## Input data
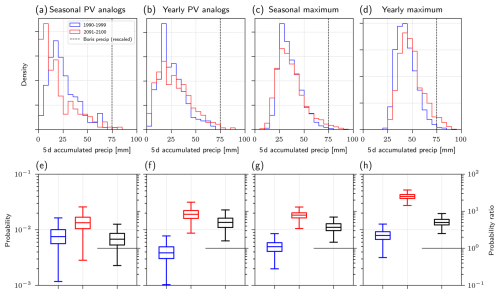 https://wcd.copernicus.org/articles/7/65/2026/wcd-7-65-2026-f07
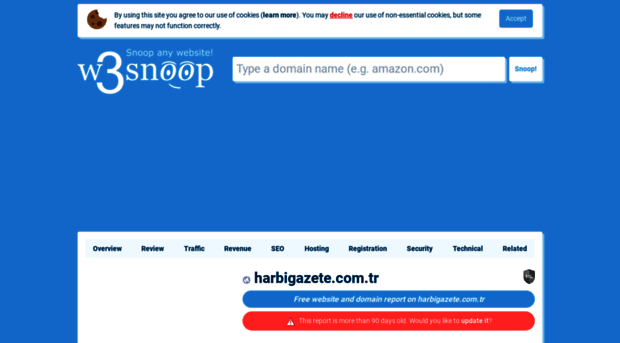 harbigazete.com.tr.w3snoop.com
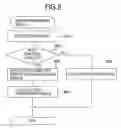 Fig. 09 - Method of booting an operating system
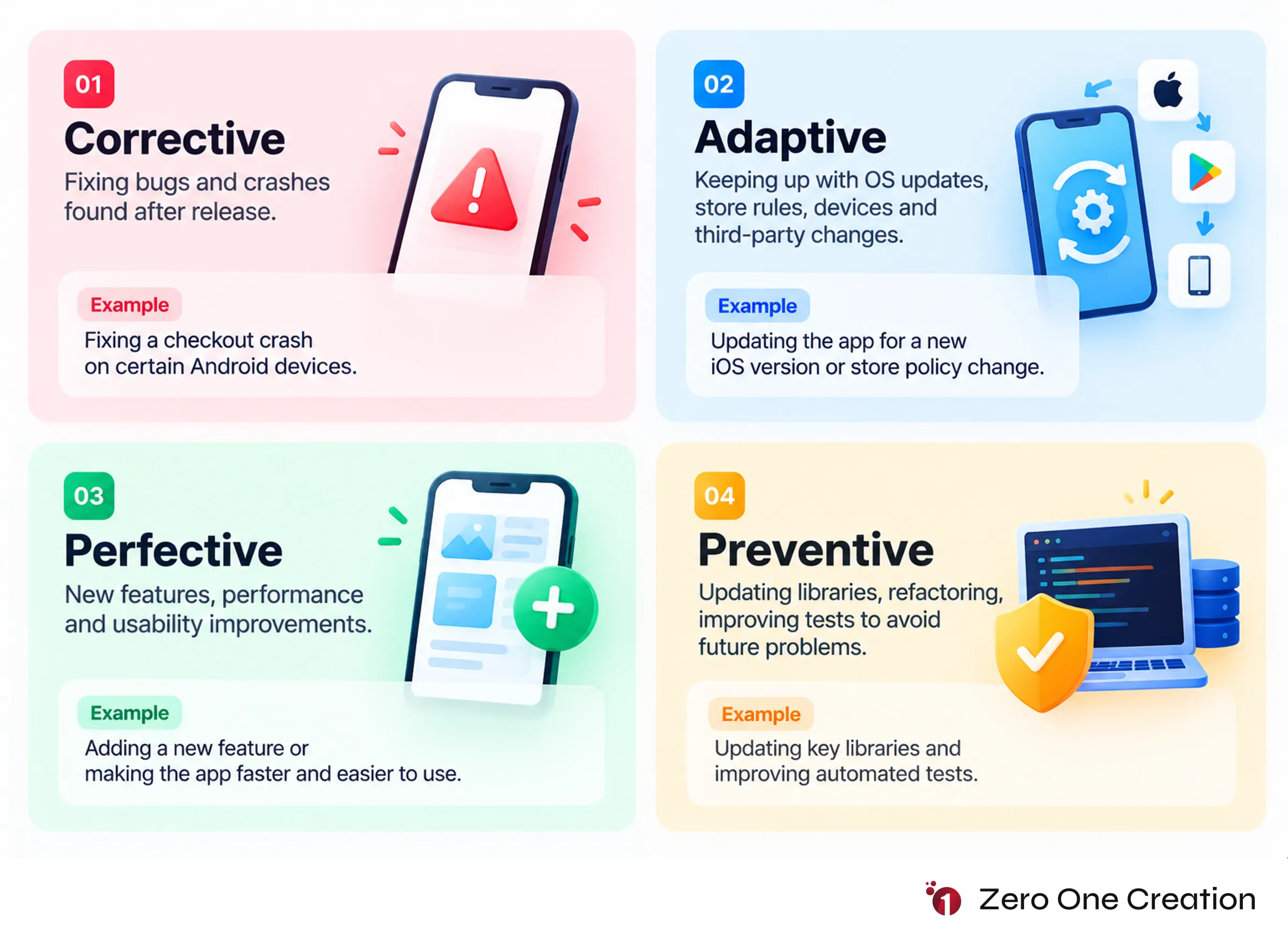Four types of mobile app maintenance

## Aim of the task
Except for the pictures, give all the material above again verbatim.

## Written response
 https://wcd.copernicus.org/articles/7/65/2026/wcd-7-65-2026-f07
 harbigazete.com.tr.w3snoop.com
 Fig. 09 - Method of booting an operating system
Four types of mobile app maintenance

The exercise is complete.